▶ _Task objective_
Set the data down exactly as it stands, and keep its pictures out.

Image-text web data:

^^^^

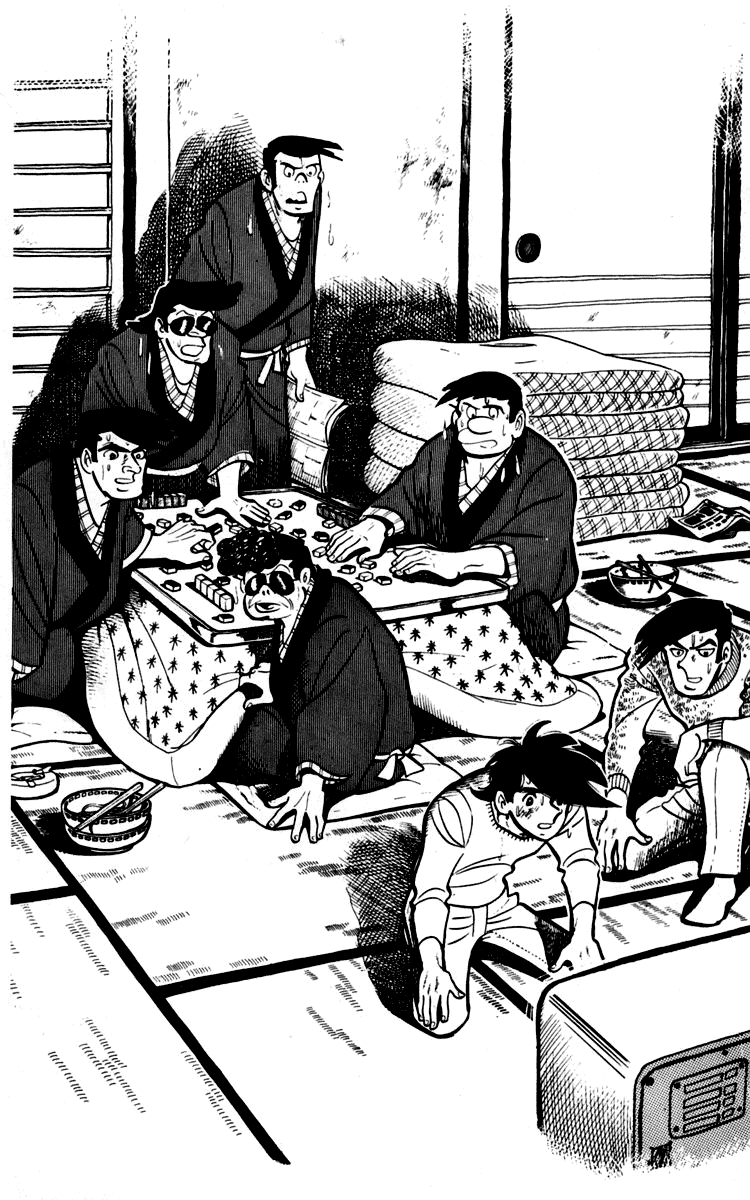 Ashita no Joe Chapter 93.94 page 20 - Chapter 93-94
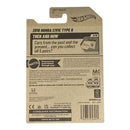 Hot Wheels 2018 Honda Civic Type R - Then and Now Series 3/10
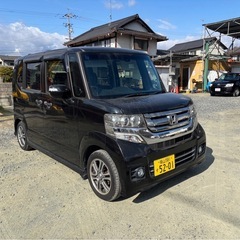 N-BOXカスタム　GLパッケージの画像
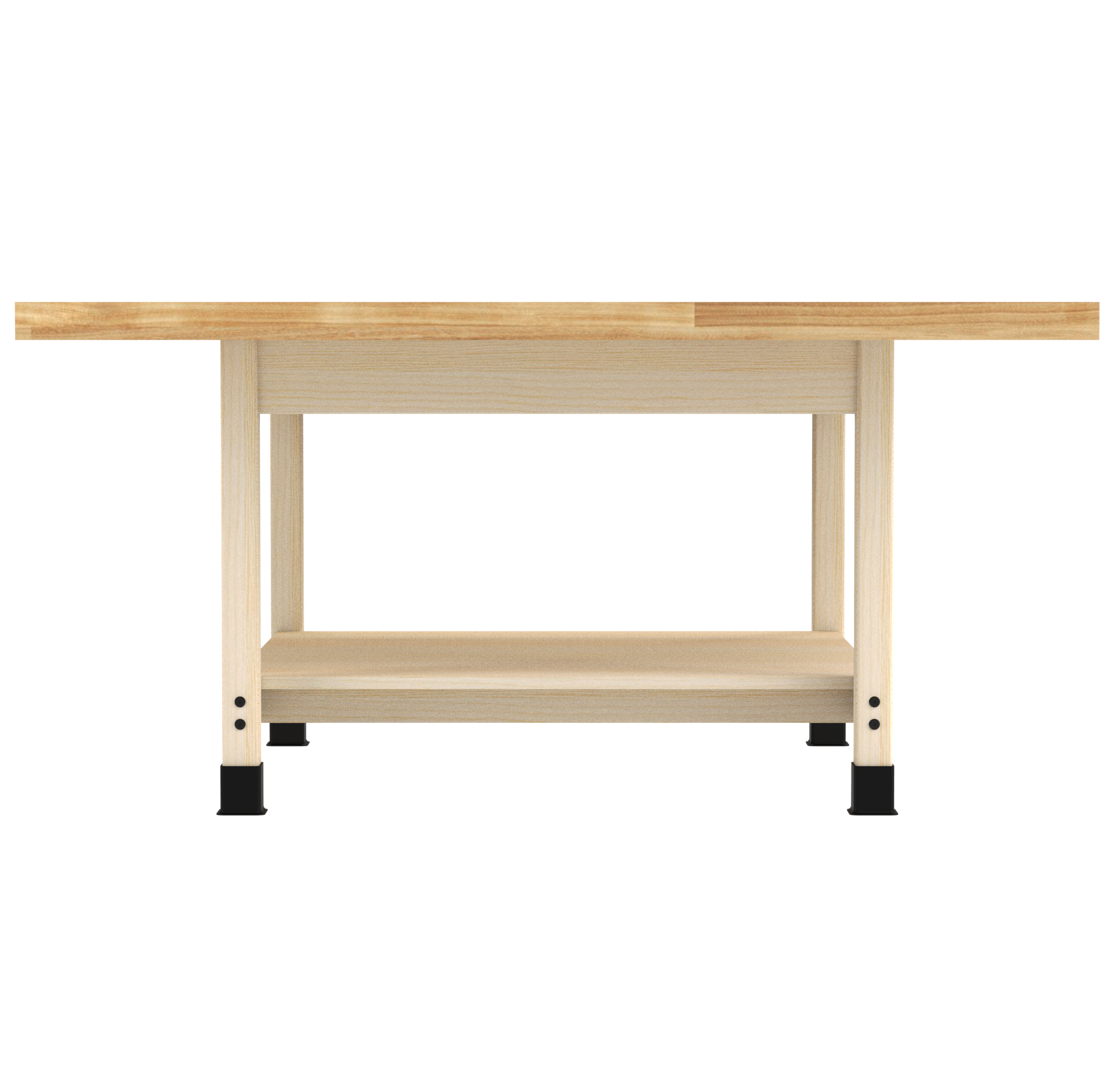 Forum Fixed Workbench W/O Vises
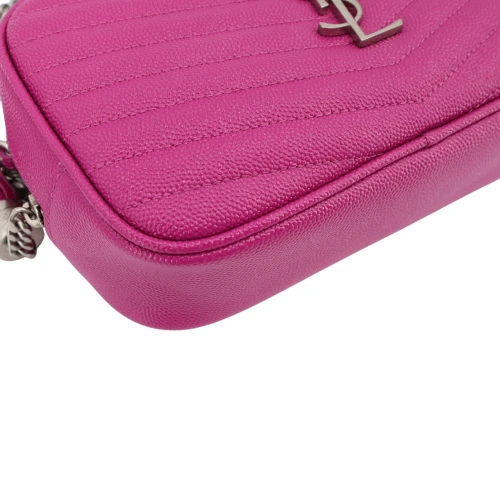 Saint Laurent Lou Mini Handbags Saint Laurent 11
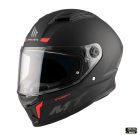 Casca MT Stinger 2 A1 negru mat  MT-V-28B - Negru mat , XXS (51/52cm)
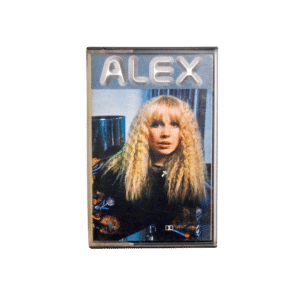 Alex – Alex – Kassettebånd (Brugt)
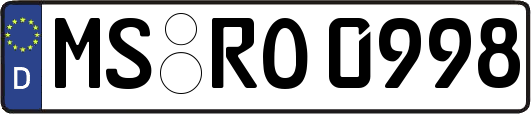 MS-RO0998
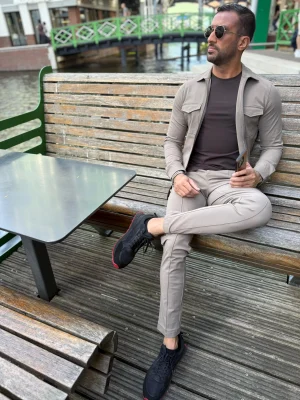 Heren Mi piace jacket (2)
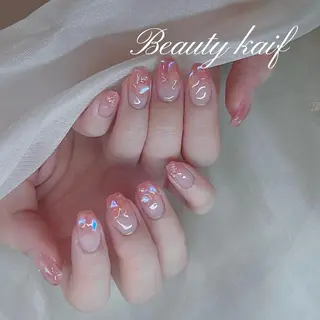 ネイル Beauty Kaif ネイルのネイルデザイン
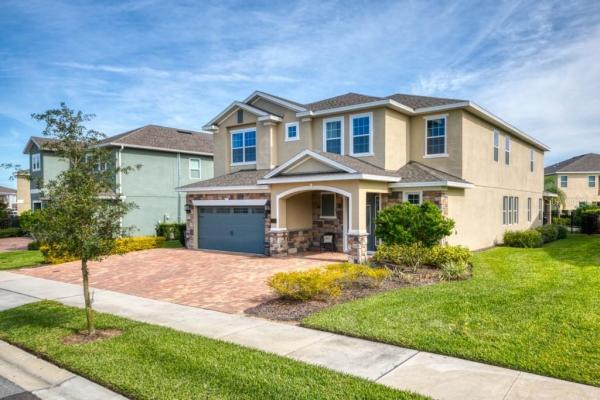 ENCORE AT REUNION, REUNION RESORT, REUNION WEST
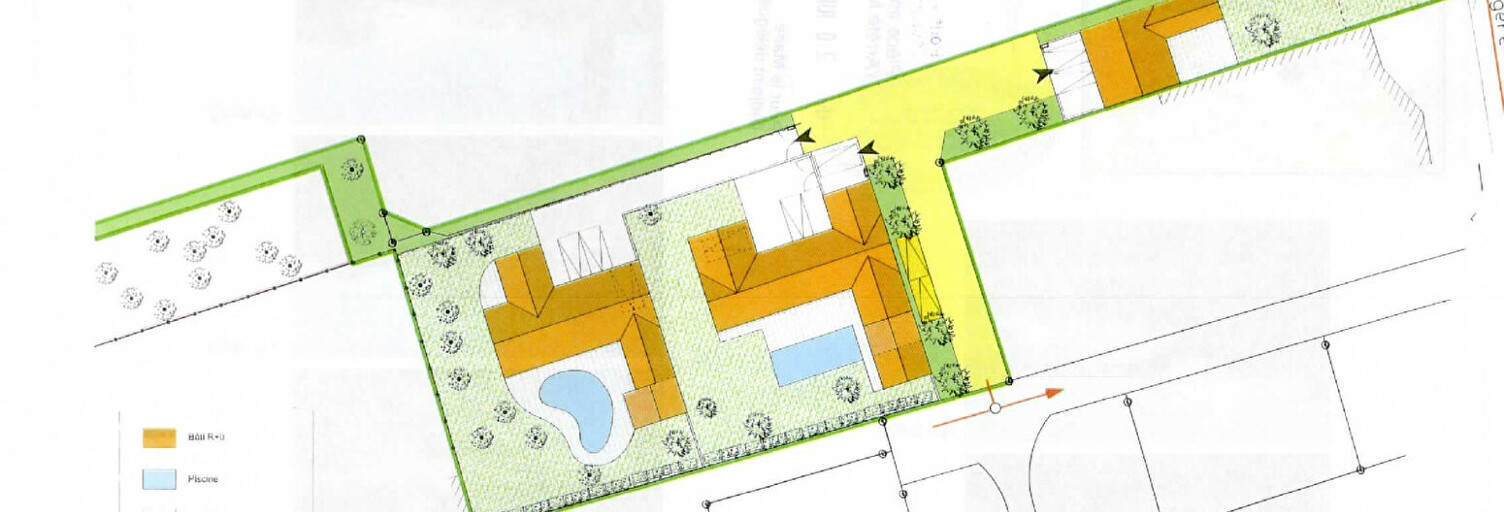 Terrain  864 m² à vendre à Saint-Pierre-d'Oléron (17310)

^^^^

▶ _Task answer_
 Ashita no Joe Chapter 93.94 page 20 - Chapter 93-94
 Hot Wheels 2018 Honda Civic Type R - Then and Now Series 3/10
 N-BOXカスタム　GLパッケージの画像
 Forum Fixed Workbench W/O Vises
 Saint Laurent Lou Mini Handbags Saint Laurent 11
 Casca MT Stinger 2 A1 negru mat  MT-V-28B - Negru mat , XXS (51/52cm)
 Alex – Alex – Kassettebånd (Brugt)
 MS-RO0998
 Heren Mi piace jacket (2)
 ネイル Beauty Kaif ネイルのネイルデザイン
 ENCORE AT REUNION, REUNION RESORT, REUNION WEST
 Terrain  864 m² à vendre à Saint-Pierre-d'Oléron (17310)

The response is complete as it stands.